NASS expert says rising farm earnings drive up prices


By TIM HEARDEN


Capital Press


SACRAMENTO -- The value of farmland in California this year is an all-time record $7,200 an acre, which shatters last year's record high by $300, according to a government report.


Irrigated cropland averages $12,000 an acre, a $500 increase over last year, while nonirrigated cropland is $3,550 an acre, according to the report from the USDA's National Agricultural Statistics Service office here.


The rising price of farmland continues a trend that's existed since the mid-1990s. Doug Flohr, a NASS ag statistician here, said the escalating land costs and rents are a product of increasing farm earnings.


"Commodity prices have been relatively good in the last few years," Flohr said. "The income from farming has been more than sufficient to service the debt on purchases at these current low mortgage rates."


The latest report affirms a study released in July by Rabobank International's food and agribusiness research team that asserted higher exports, increased yields and good prices for many crops have pushed California's farmland values higher.


Among the latest findings of NASS:


* All cropland, at $9,810 per acre, is up $360 per acre from last year while the average value of pasture land, at $2,800 an acre, is about equal to last year.


* The 2012 state irrigated cropland rental rate, at an average of $340 per acre, is up $5 from 2011 but still down $5 from 2010. The most significant rent increases have been seen in the San Joaquin Valley, where the $269-per-acre average is up 13 percent from 2011. The highest rents are on the Central Coast at $1,010 an acre, down slightly from last year.

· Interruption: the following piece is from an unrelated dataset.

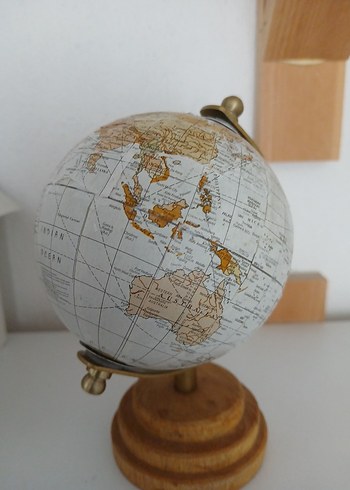 Bej Mini Dünya Figürü - Görsel 4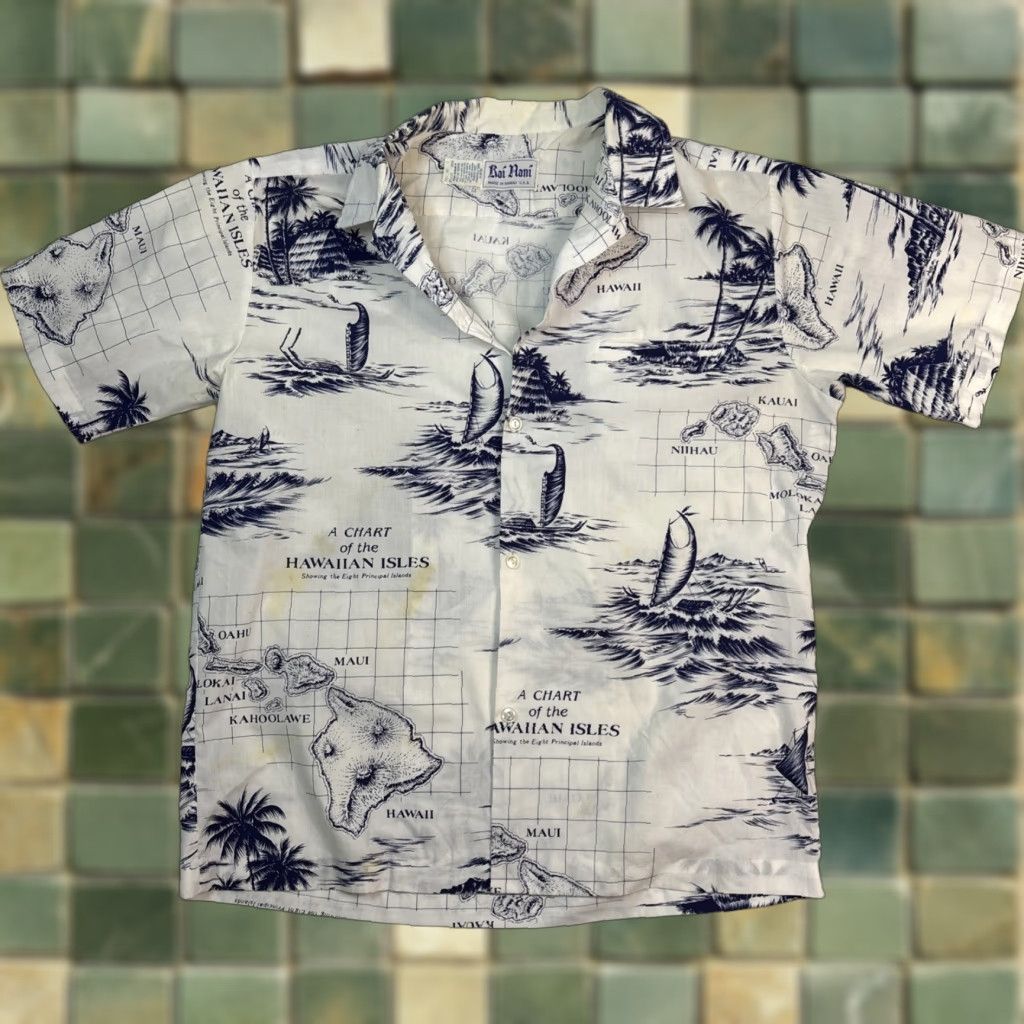 Vintage VINTAGE Rai Nani Hawaiian Shirt Men L White Chart Of Hawaiian Islands Shirt Short Sleeve Mens White Hawaiian Islands Vintage Size US L / EU 52-54 / 3 - 1 Thumbnail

* The statewide non-irrigated rental rate of an average of $40 an acre is down from about $50 in the previous two years, while pasture land's average rental rate of $11.50 an acre is down from $12.50 an acre in 2011.


The report offers mixed news for Mary Kimball, executive director of the Winters, Calif.-based Center for Land-Based Learning. The center operates a farm to teach new farmers the basics of agriculture and helps them rent their first plots of land.


"It's great that land values for agriculture are up because it really means agriculture is viable and doing well," Kimball said. "And obviously ag land is in demand, there's no doubt about that -- especially good land like California's."


However, the biggest challenges that beginning farmers face are access to land and access to capital, she said.


"The higher the price of land, the harder it will be to get into it," Kimball said, adding the center would continue to seek landowners willing to make land available to beginning farmers.